00:20:33.900 --> 00:20:42.625
But it was just the initial thought. I thought, you know what? That's kind of got a a cool play on words. But then I thought, well, I wanna I wanna reach creators, and I wanna help them with their money.

00:20:42.683 --> 00:20:56.599
So those two things go hand in hand. Yeah. That would just for me, I would throw a tagline in there somewhere just to, like, handling, you know, avoiding starving artist syndrome or something, you know, to to kind of do that.

00:20:57.059 --> 00:21:08.355
Great idea. Yeah. Excellent. Chris says whether you consider content on YouTube to be a podcast or not, it doesn't matter. Getting found does. You have a better chance of getting found by being on YouTube. Yeah. There you go.
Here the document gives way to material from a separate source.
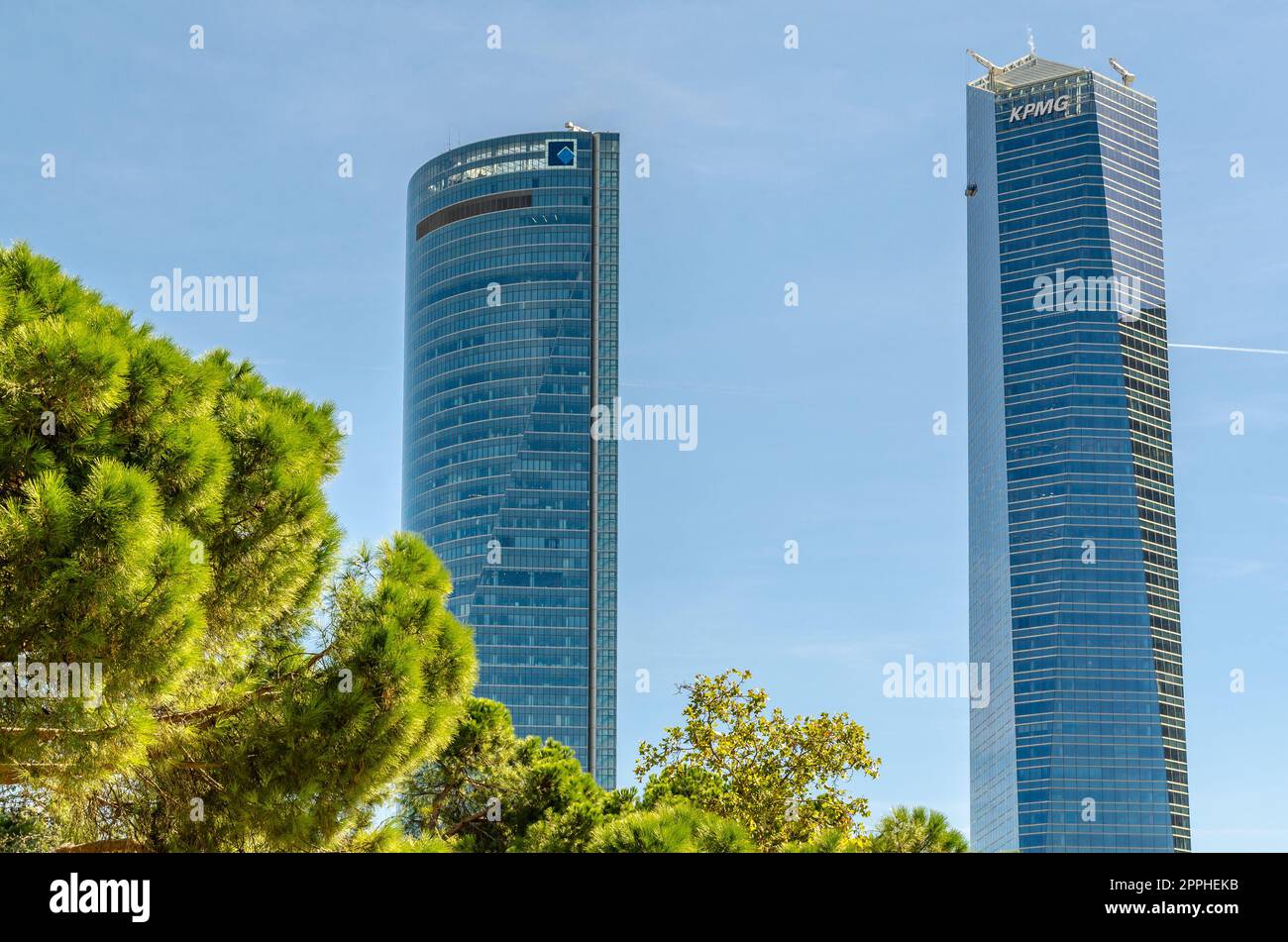 MADRID, SPAGNA - 6 OTTOBRE 2021: Vista dei grattacieli moderni che fanno parte della zona commerciale Cuatro Torres a Madrid, Spagna Foto Stock
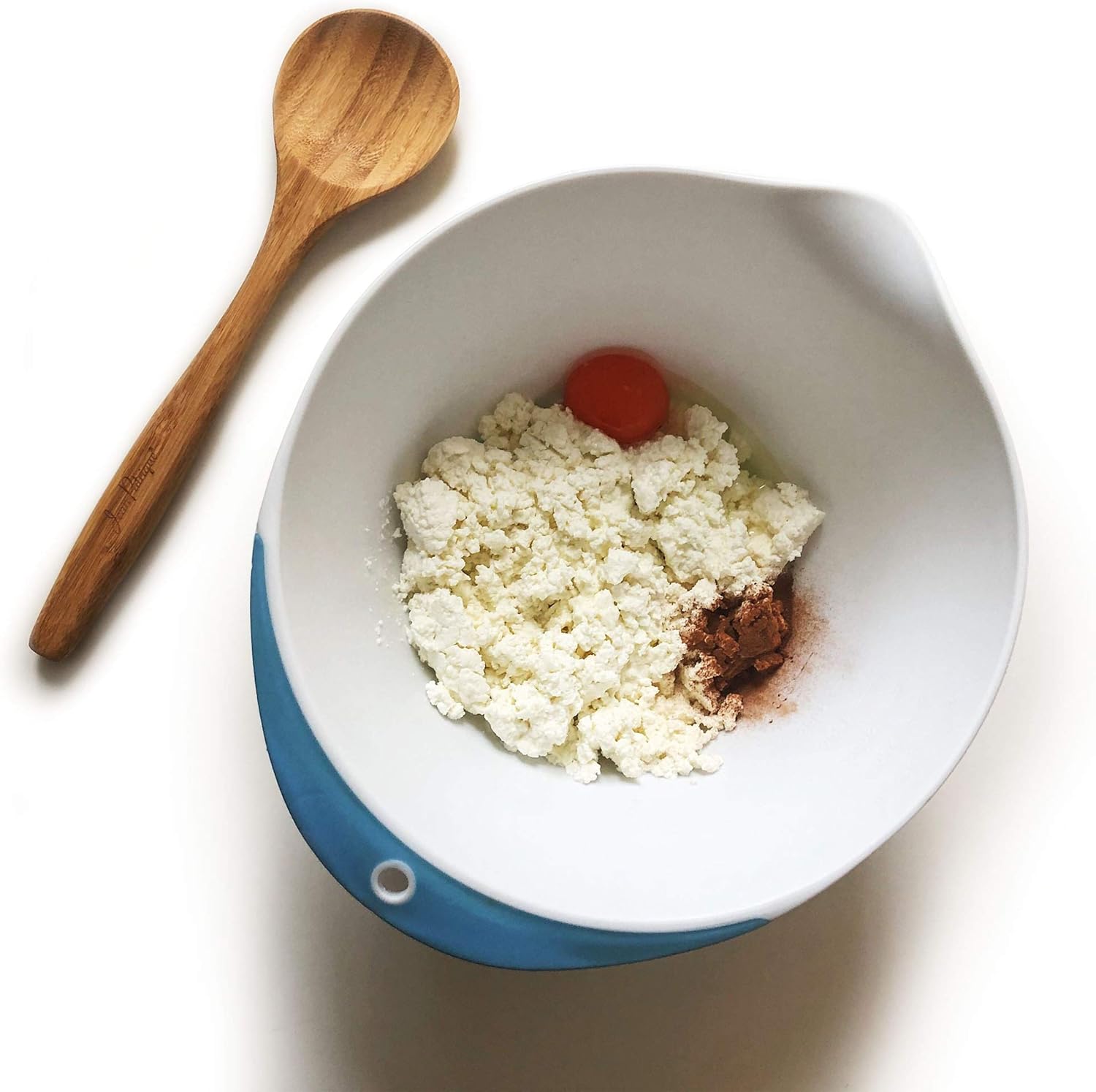 Jean-Patrique Plastic Mixing Bowls, Set of 3 Bowls for Kitchen with Spout and a Non-Slip Base - Image 5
00:21:08.515 --> 00:21:19.554
Excellent. Well, Ralph, have you know, I maybe record an episode too. It's good idea. Just do an episode and then go, okay. That took how long? Okay. Do I have that much time?

00:21:19.554 --> 00:21:33.930
I wanna do this weekly. Do I have this much time weekly to do and still maintain my relationships with my family and friends, run the business, sleep, you know, all the stuff you need to do? Because when you add one thing, you're you're taking away another.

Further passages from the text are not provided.